The Bureau of Reclamation manages ten reservoirs in the upper Snake River Basin. At full pool, those lakes contain more than four million acre feet of water gathered from the western slopes of the continental divide in Wyoming and Idaho. The challenge the Bureau faces every spring is how to capture melting snowpack and dispense it evenly so that the competing needs of irrigation, recreation, and consumption are all met. That’s easier said than done and timing is everything.

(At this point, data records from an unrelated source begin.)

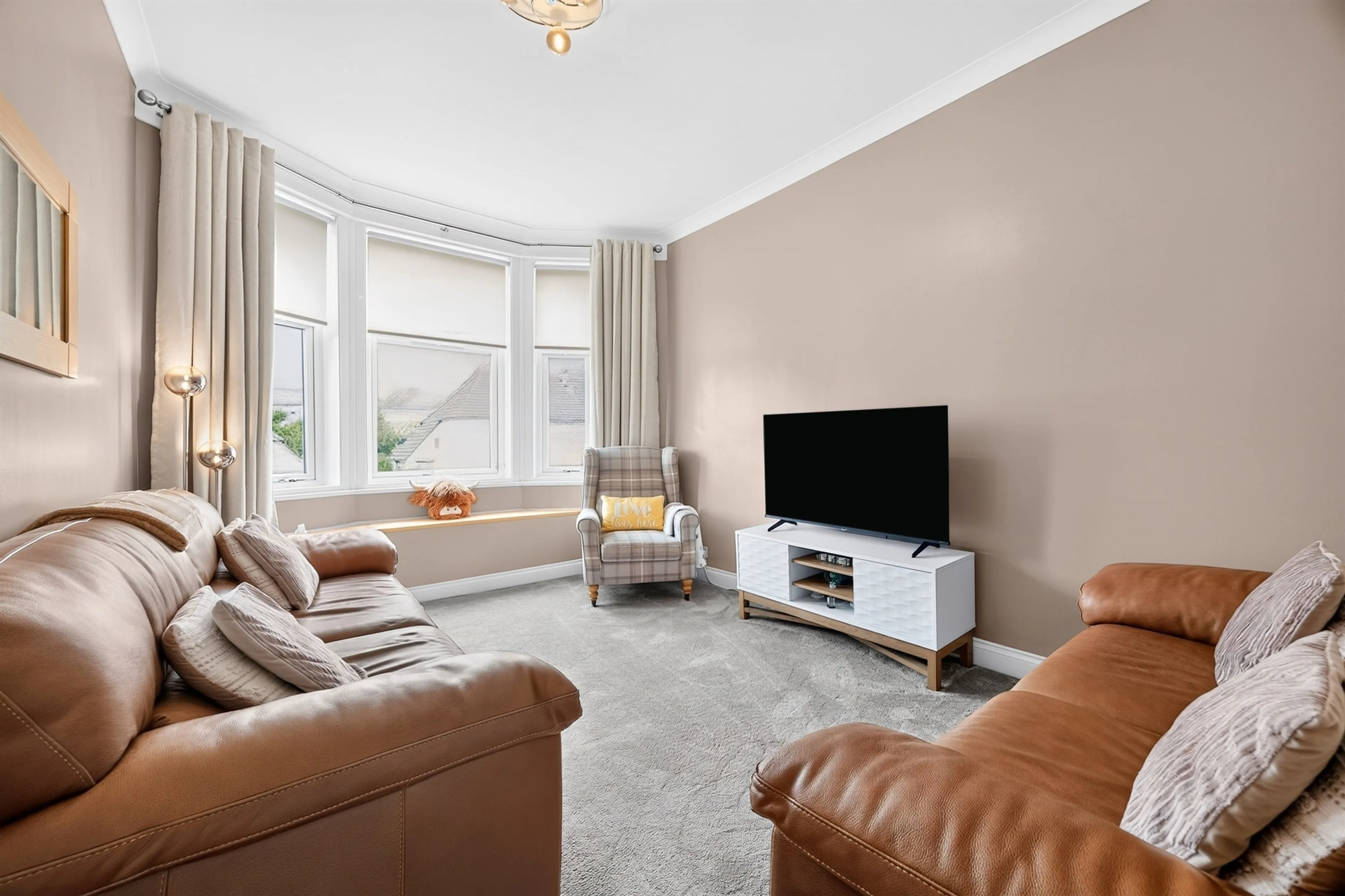 Property at Gavinburn Place, Old Kilpatrick, Glasgow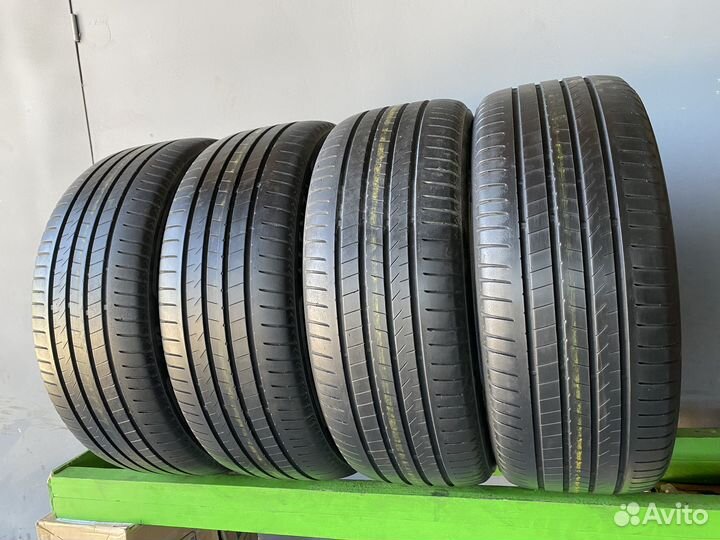 Bridgestone Alenza 001 245/50 R20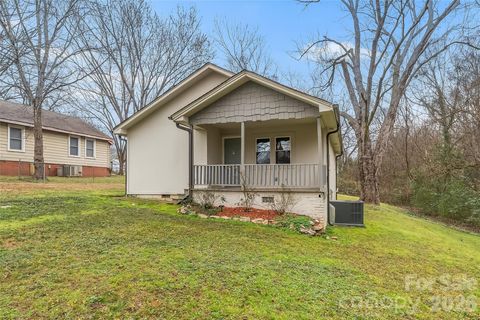 500 3rd Street Stanley NC 28164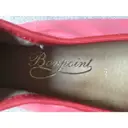 Buy Bonpoint Leather ballet flats online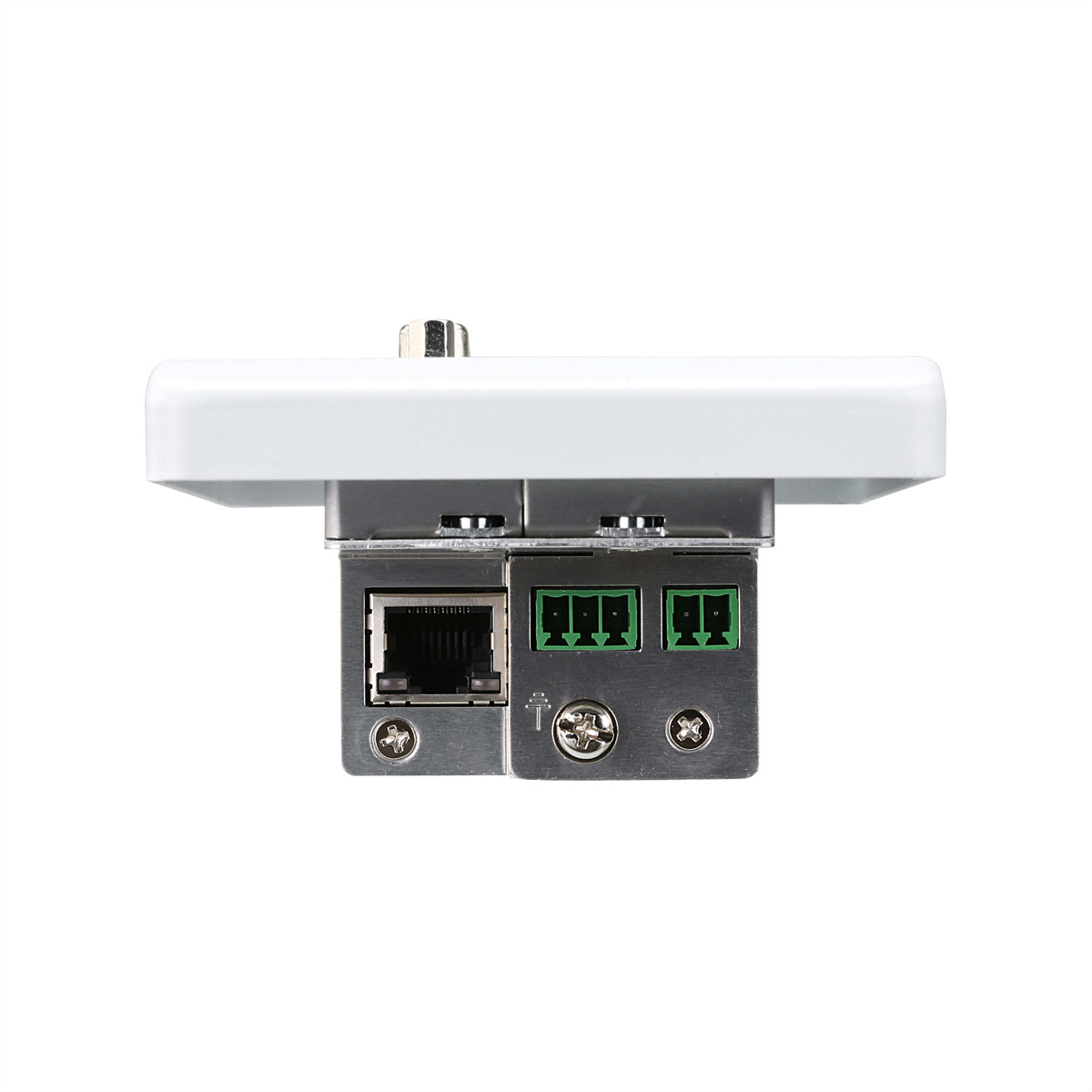 ATEN VE2812AEUT HDMI &, VGA HDBaseT Transmitter EU  (BILD2)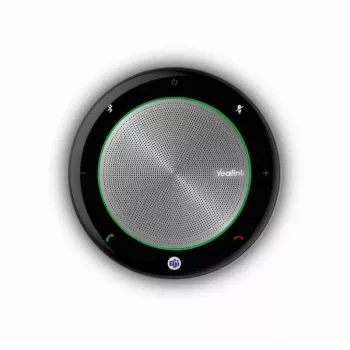 Speakerphone Yealink CP700 Universal USB Bluetooth nero argento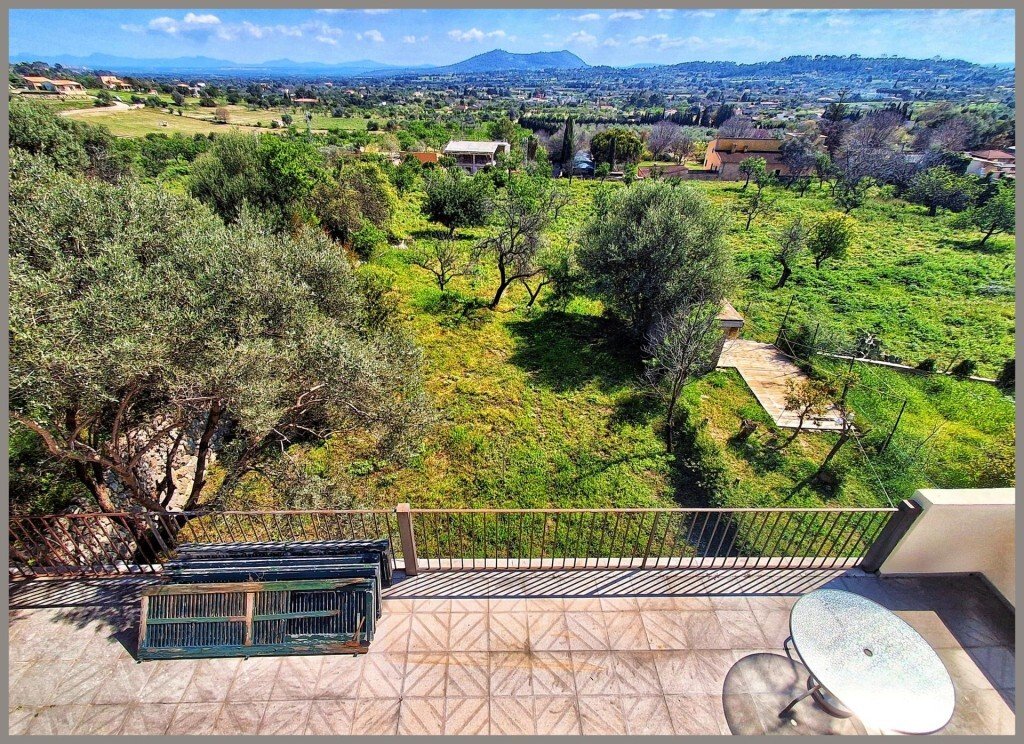 Haus in Selva, Balearische Inseln, Spanien 2 - 17926662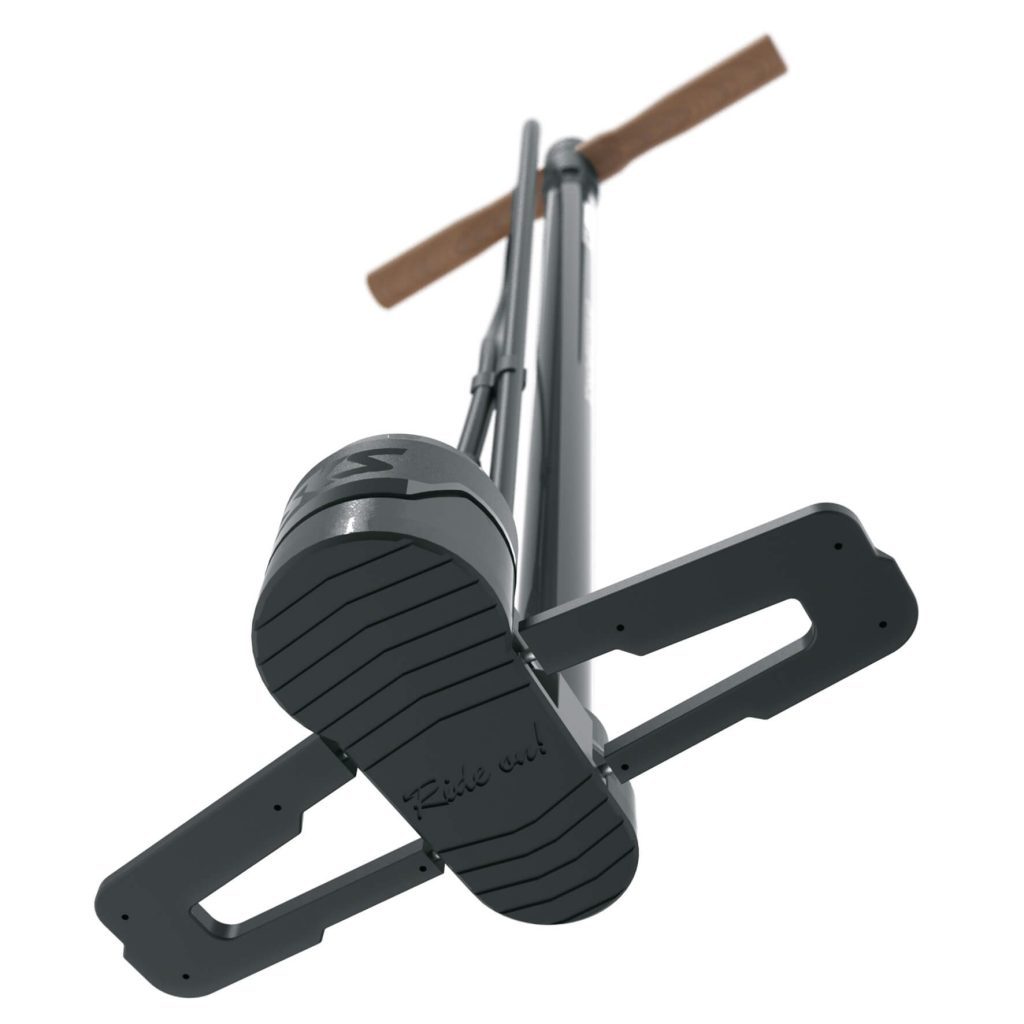 SKS Rennkompressor NXT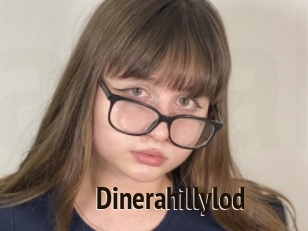 Dinerahillylod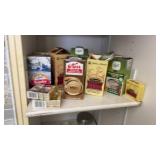 Canning Jar Lids-Ball &. Kerr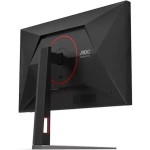 AGON U27G4XM (68.6 cm (27 Zoll), schwarz, UltraHD/4K, Fast-IPS, Dual Mode, Mini-LED, USB-Hub, 160Hz Panel)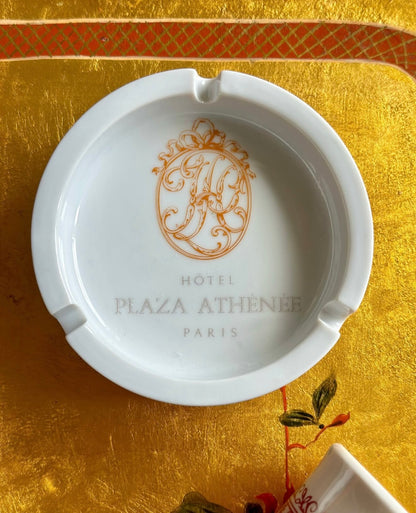 Hôtel Plaza Athénée Trinket Dish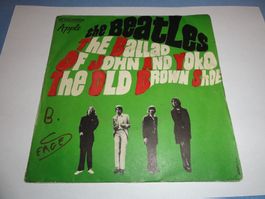The Beatles (Original French Pressing)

Imagine twenty thousand basketballs coming out of a dam every second. That’s the rough equivalent of the water volume measured in cubic feet per second (cfs) the Bureau was releasing into the South Fork of the Snake River from Palisades Reservoir when we put on Thursday morning. By comparison, the average summertime flow is around twelve thousand—enough to keep cold water pouring over the gravelly river bottom sustaining aquatic life while allowing for the five thousand cfs local farmers divert to grow barley, alfalfa, and their famous potatoes.
Runoff has peaked and by the time we took out at the Spring Creek bridge in Swan Valley, the Bureau had tightened up the spigot, cutting the flows by ten percent. They dropped it again last night. And if the fishing the last two days is any indicator, the trout seem to be really happy with declining flows and improving clarity. And they’re happy because the insects they eat are happy too. Yellow Sallies, Pale Morning Duns, Blue Winged Olives, and a variety of Caddis were all out in the canyon yesterday fluttering among the cottonwood fluff making it look like a summer snowstorm. Fish were holding right where we expected to find them, in deep runs, behind ledges, and in soft water. And they looked healthy, their bellies full and getting fuller, grateful as we are, for the warmer days ahead.
In the years I’ve lived in Teton Valley, I don’t remember seeing so much life and so much greenery, so many young calves in the fields north of my house, so many Sandhill cranes squawking happily in the tall grass, so many wildflowers of every color in the palette. It’s more than I can put a finger on, but every sense is telling me it’s going to be a good season. There is plenty of water, a valley full of good friends, and a summer’s worth of opportunities to show visitors what a special place this is.